# Exercise requirements
Please reproduce the listing word for word. Pictures stay out.

::: Records

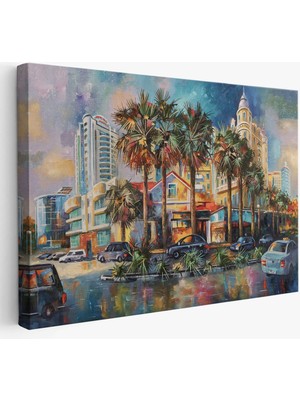 Yağmurdan Sonra Sevilen Sochi Şehrinin Mimari Manzara Kanvas Duvar TABLOSU-1114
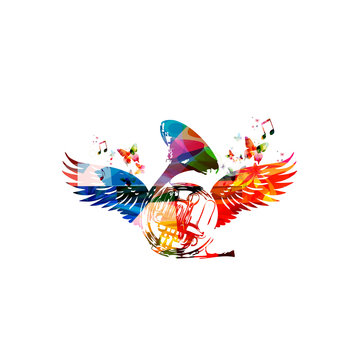 Colorful french horn with wings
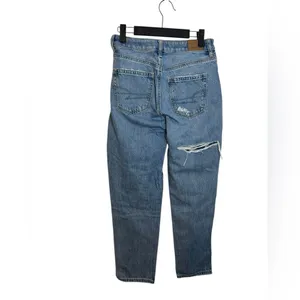 American Eagle Distressed Blue Patchwork Mom Straight Leg Jeans thumbnail 2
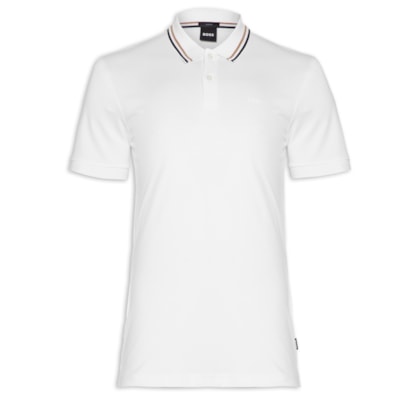 Polo Masculina Manga Curta com Friso Penrose - Branco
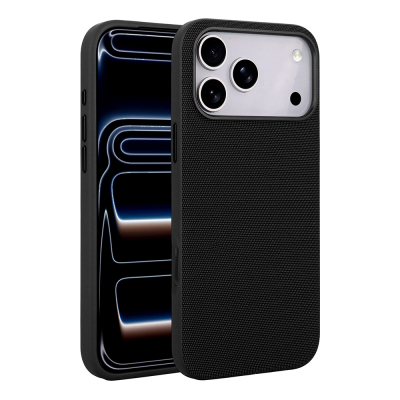 Apple iPhone 17 Pro Max Case with M-Safe Charging Feature, Fabric Design, Zore Miami Hard PC Cover Black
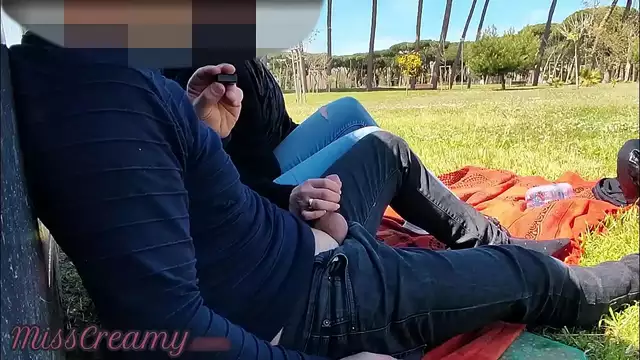 Jaw-Dropping Handjob in Public by French Teacher - You Won't Believe the Cumshot!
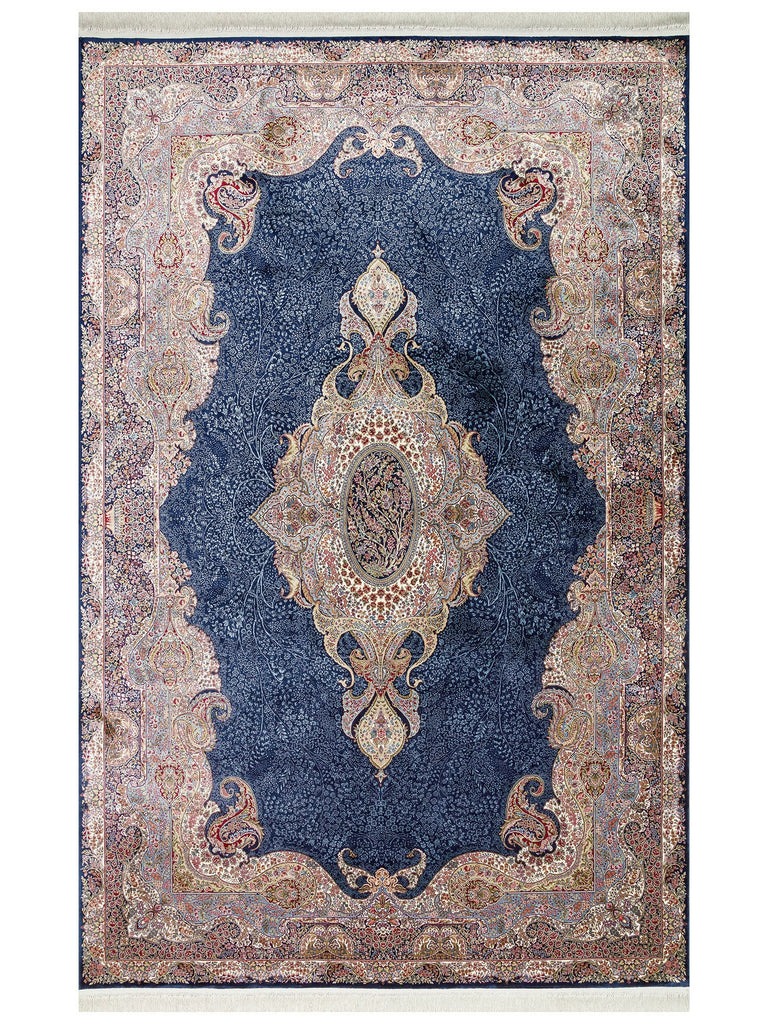 Topkapı Series High Quality Dense Woven Classic Pattern Special Shiny Living Room Carpet 02 NAVY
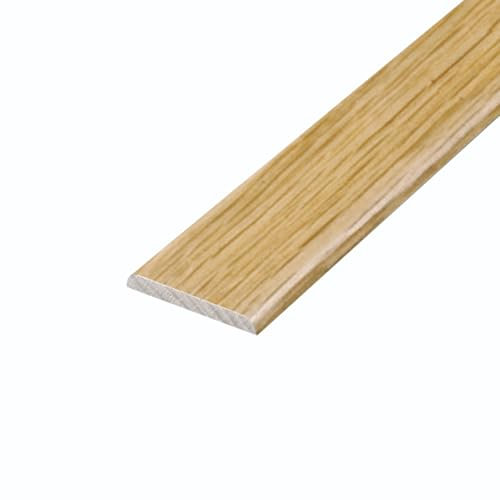 Lacquered Prefinished Solid Oak Flat Threshold Cover Strip, Door Bar, Transition Moulding For Engineered, Solid & Laminate Flooring 900mm x 45mm x 6mm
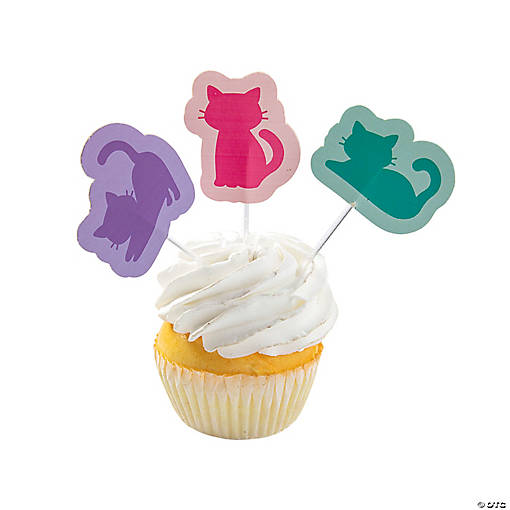 Bulk  100 Pc. Cat Silhouette Cupcake Toppers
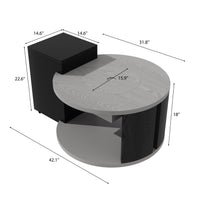 Dimensions of a round coffee table with black side tables on a white background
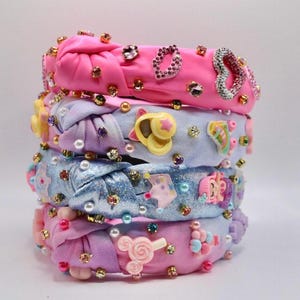 Girls Embellished Knotted Headband: Rhinestones & Tie Dye
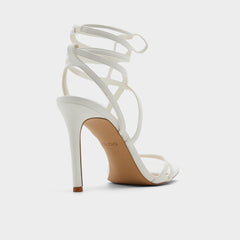 Aldo Phaedra in White - Strappy stiletto sandal, Stiletto heel White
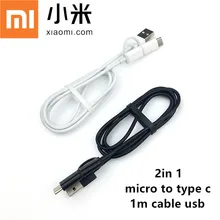 Xiao mi 2 в 1 usb кабель зарядного устройства 1 м mi cro to type c кабель usb для redmi 4a 5 plus mi 8 9 9se mi x 3 a2 a3 cc9 redmi note 7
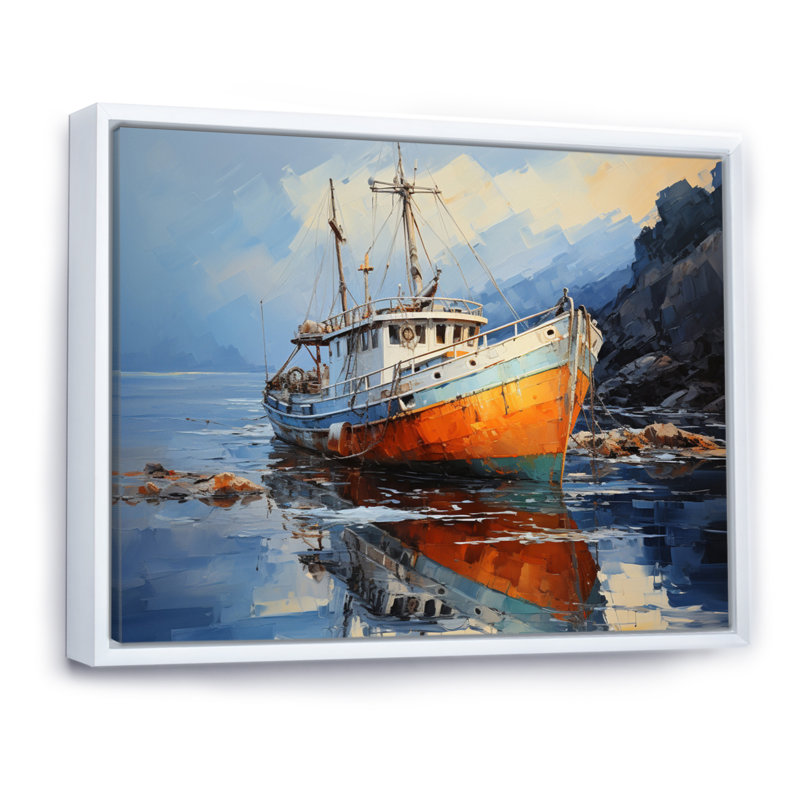 Fishing Boat Dreamy Regatta I - Transportation Canvas Prints, H 12 po x l 20 po x P 1 po, Cadre flottant blanc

::::::

# Response to the exercise
 Yağmurdan Sonra Sevilen Sochi Şehrinin Mimari Manzara Kanvas Duvar TABLOSU-1114
 Colorful french horn with wings
 American Eagle Distressed Blue Patchwork Mom Straight Leg Jeans thumbnail 2
 Polo Masculina Manga Curta com Friso Penrose - Branco
 Apple iPhone 17 Pro Max Case with M-Safe Charging Feature, Fabric Design, Zore Miami Hard PC Cover Black
 Jaw-Dropping Handjob in Public by French Teacher - You Won't Believe the Cumshot!
 Topkapı Series High Quality Dense Woven Classic Pattern Special Shiny Living Room Carpet 02 NAVY
 Lacquered Prefinished Solid Oak Flat Threshold Cover Strip, Door Bar, Transition Moulding For Engineered, Solid & Laminate Flooring 900mm x 45mm x 6mm
 Bulk  100 Pc. Cat Silhouette Cupcake Toppers
 Dimensions of a round coffee table with black side tables on a white background
 Girls Embellished Knotted Headband: Rhinestones & Tie Dye
 Aldo Phaedra in White - Strappy stiletto sandal, Stiletto heel White
 Xiao mi 2 в 1 usb кабель зарядного устройства 1 м mi cro to type c кабель usb для redmi 4a 5 plus mi 8 9 9se mi x 3 a2 a3 cc9 redmi note 7
 Fishing Boat Dreamy Regatta I - Transportation Canvas Prints, H 12 po x l 20 po x P 1 po, Cadre flottant blanc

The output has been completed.